***** Provided entries

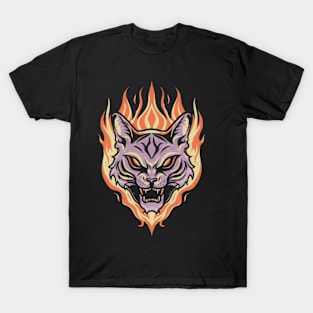 Flaming Cat Tattoo - Fierce Fire Kitty T-Shirt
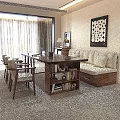 Modern Wooden Table And Chairs Set In Living Room With Sofa Bookshelf And Wall Art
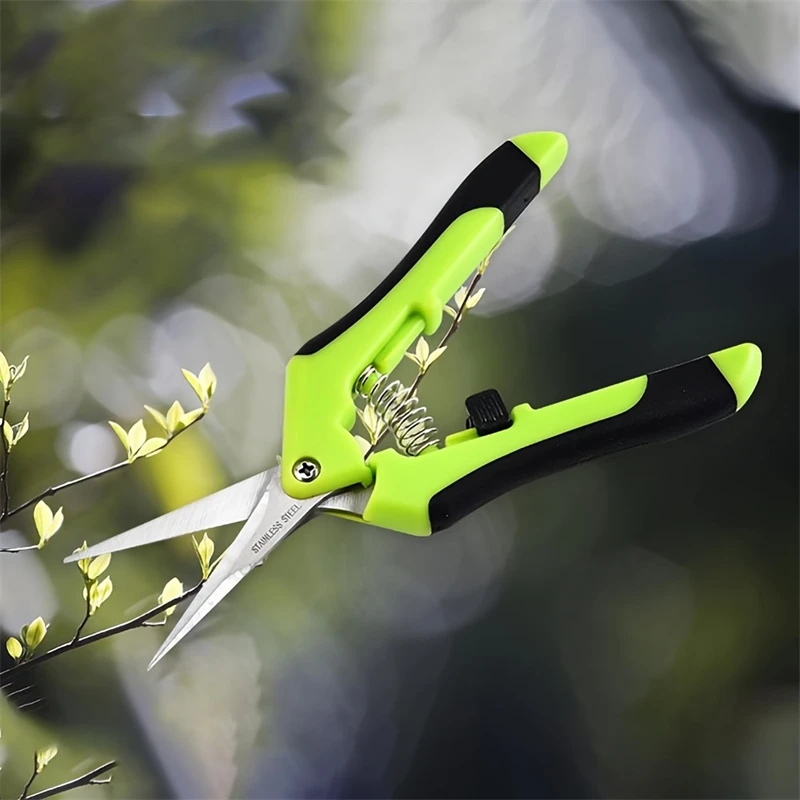 1Pc Professional Stainless Steel Gardening Hand Pruners Micro-Tip Pruning Snips with Straight Blades for Trimming Garden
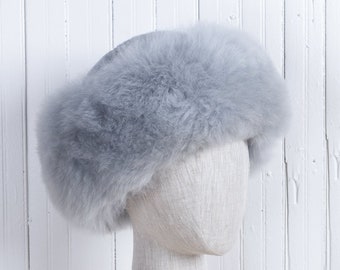 Premium Baby Alpaca fur hat Silver, Ladies women hat made from Natural Alpacaskin, cossack hat, hat girls winter - Handmade in Peru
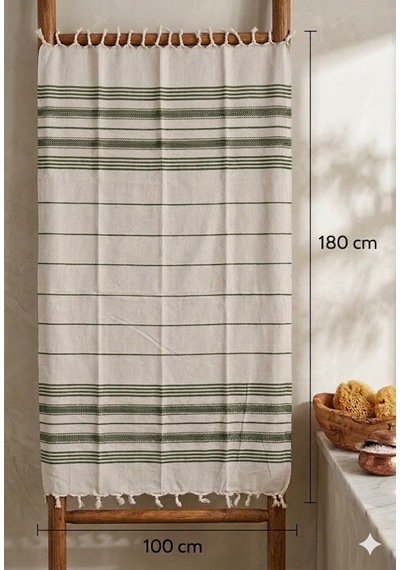 Pamuk Peştemal 100x180 Cm Çizgili Plaj Havlusu, Hamam Havlusu, Sauna Havlusu, Çok Amaçlı Kullanım Haki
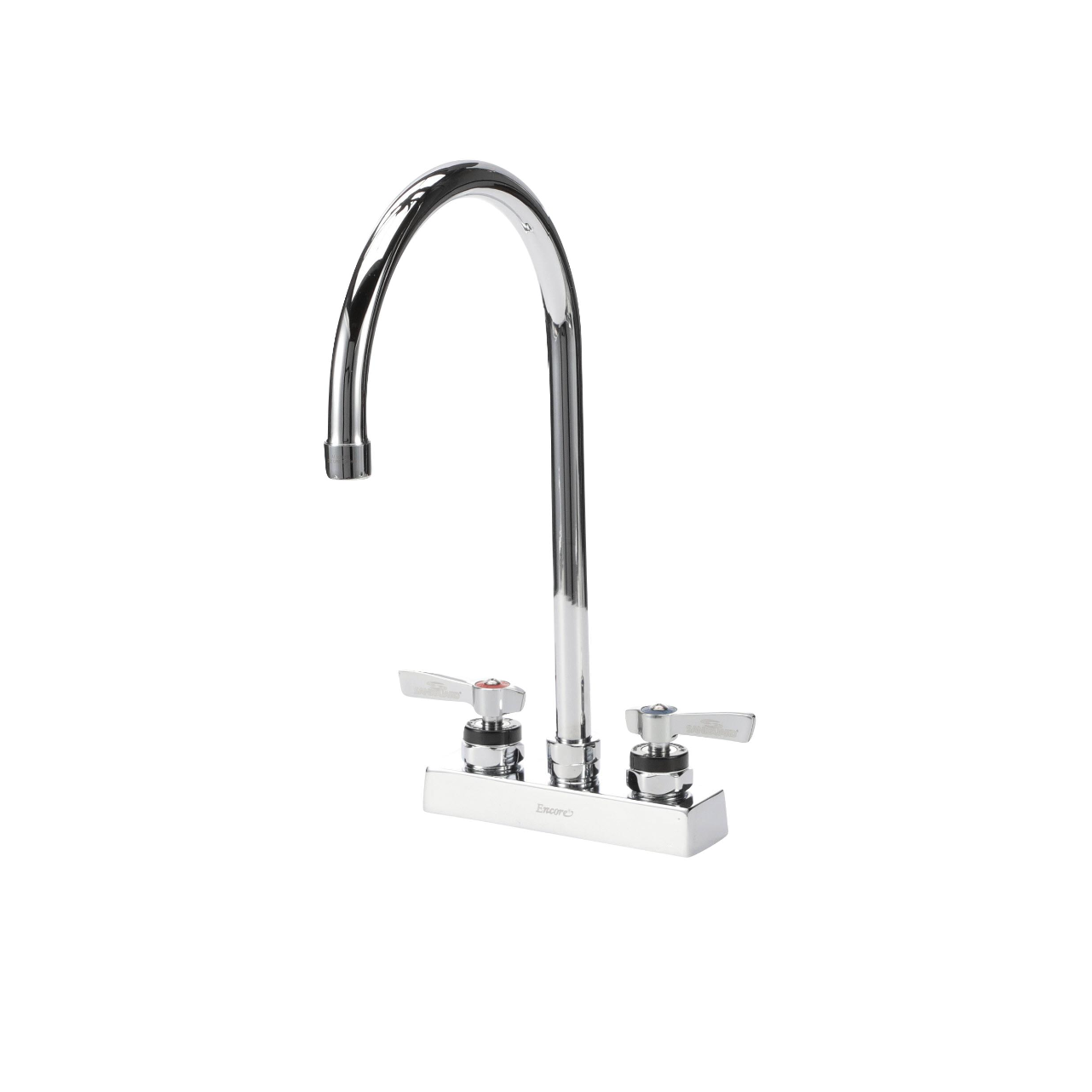 Encore 4" OC Deck Mount Faucet Ceramic Valves with 8-1/2" Swivel Gooseneck Spout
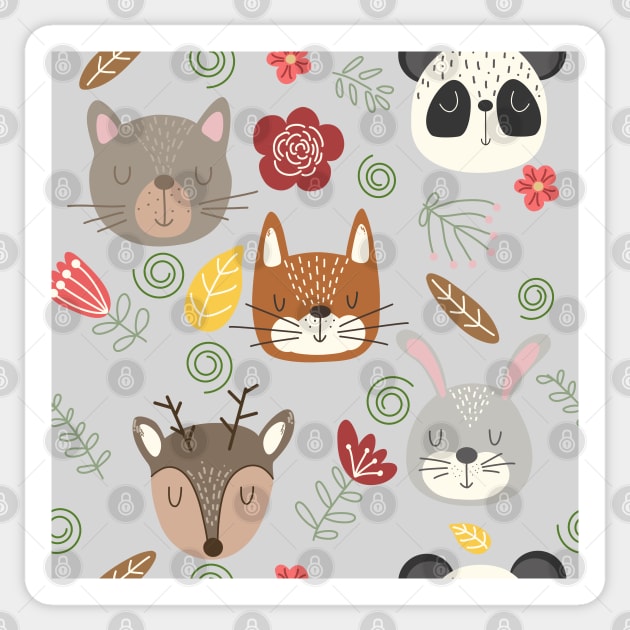 Woodland animals kids pattern grey background Sticker by Arch4Design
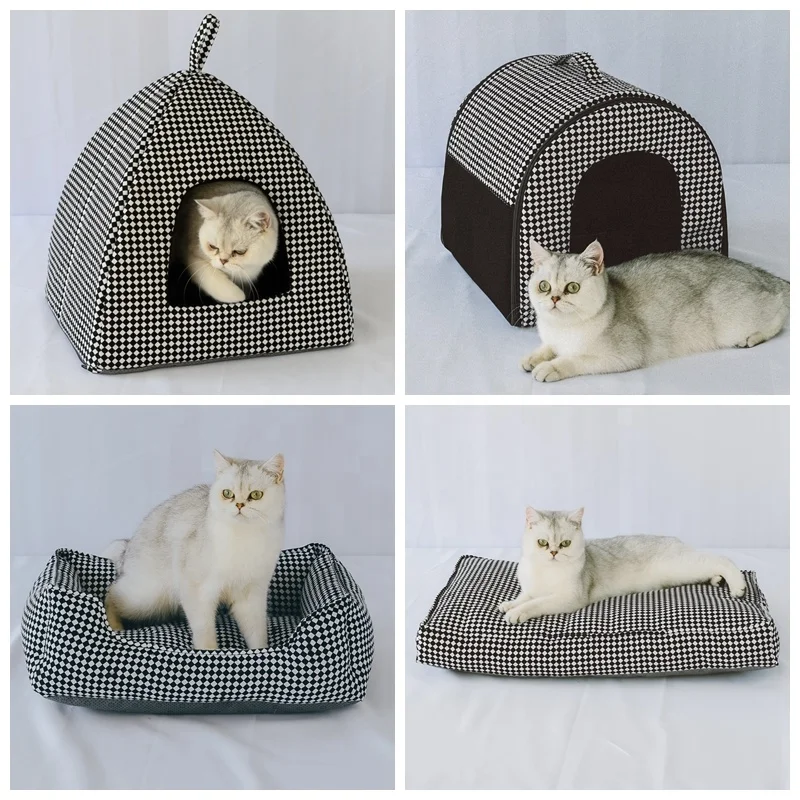 Customize Black And White Cozy Sleep Soft Cheap House Portable Foldable Dog Cat House Pet Beds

**********

→ **The task**: Please set down the whole listing exactly, apart from the pictures.

→ **Response area**:
 Flaming Cat Tattoo - Fierce Fire Kitty T-Shirt
 Modern Wooden Table And Chairs Set In Living Room With Sofa Bookshelf And Wall Art
 1Pc Professional Stainless Steel Gardening Hand Pruners Micro-Tip Pruning Snips with Straight Blades for Trimming Garden
 Premium Baby Alpaca fur hat Silver, Ladies women hat made from Natural Alpacaskin, cossack hat, hat girls winter - Handmade in Peru
 Pamuk Peştemal 100x180 Cm Çizgili Plaj Havlusu, Hamam Havlusu, Sauna Havlusu, Çok Amaçlı Kullanım Haki
 Encore 4" OC Deck Mount Faucet Ceramic Valves with 8-1/2" Swivel Gooseneck Spout
 Woodland animals kids pattern grey background Sticker by Arch4Design
 Customize Black And White Cozy Sleep Soft Cheap House Portable Foldable Dog Cat House Pet Beds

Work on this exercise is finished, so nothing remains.